New management and closing

Later in 1966 the club, under different management by Albert Grossman, was briefly called the Balloon Farm and in 1967 the lease was transferred to Brandt Freeman Int'l, Ltd. the General partner of The Electric Circus Company. Cat Mother & the All Night Newsboys was engaged as one of the first house bands under the new management.

By 1970 the "tune in, turn on" hippie culture was in decline. When a small bomb, reportedly planted by a member of the Black Panther Party exploded on the dance floor on March 22, 1970, injuring fifteen people, the negative publicity accelerated the decline of the club; it closed a year and a half later. According to an AP news story that appeared in the Toledo Blade on March 31, 1970, the Black Panther Party denied any connection to the student, Ishmael Brown, who reportedly planted the bomb. The AP story also stated, "Stan Freeman, President of the Electric Circus, denied that the discotheque had a dispute with the Black Panthers. 'We have benefits to raise money for the Panthers all the time,' he said. 'We have good relations with them.' Mr. Freeman stated he believed the explosion, which injured 17 persons, was an 'individual act' carried out by 'a man who wanted to show the world he could wreak havoc.'"

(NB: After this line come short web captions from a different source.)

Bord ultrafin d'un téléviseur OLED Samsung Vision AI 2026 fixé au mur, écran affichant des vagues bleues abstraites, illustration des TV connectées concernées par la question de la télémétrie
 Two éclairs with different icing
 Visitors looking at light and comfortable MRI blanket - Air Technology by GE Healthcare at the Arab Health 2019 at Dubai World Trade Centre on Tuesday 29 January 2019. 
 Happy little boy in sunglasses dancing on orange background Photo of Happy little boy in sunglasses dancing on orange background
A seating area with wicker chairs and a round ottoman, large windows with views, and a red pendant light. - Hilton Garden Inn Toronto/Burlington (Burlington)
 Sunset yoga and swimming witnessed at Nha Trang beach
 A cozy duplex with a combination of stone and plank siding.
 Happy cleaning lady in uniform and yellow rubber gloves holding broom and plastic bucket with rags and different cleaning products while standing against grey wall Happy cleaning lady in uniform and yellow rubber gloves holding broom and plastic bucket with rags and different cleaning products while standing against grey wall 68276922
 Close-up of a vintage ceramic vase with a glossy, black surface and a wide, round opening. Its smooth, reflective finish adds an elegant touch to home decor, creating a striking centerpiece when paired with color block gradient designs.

After the Electric Circus closed, the building no longer functioned as a club or space for regular public performances, but the building was not significantly physically altered until 2003 when a major renovation eliminated the ballroom and converted the building into upscale apartments and retail space.

In the 1980s the building was used as an Alcoholics Anonymous dry disco for a period.

The Electric Circus is depicted in a scene of Mad Men season 6, episode 4 ("To Have and To Hold", set in early 1968), during which Joan Harris and her friend Kate go out on the town.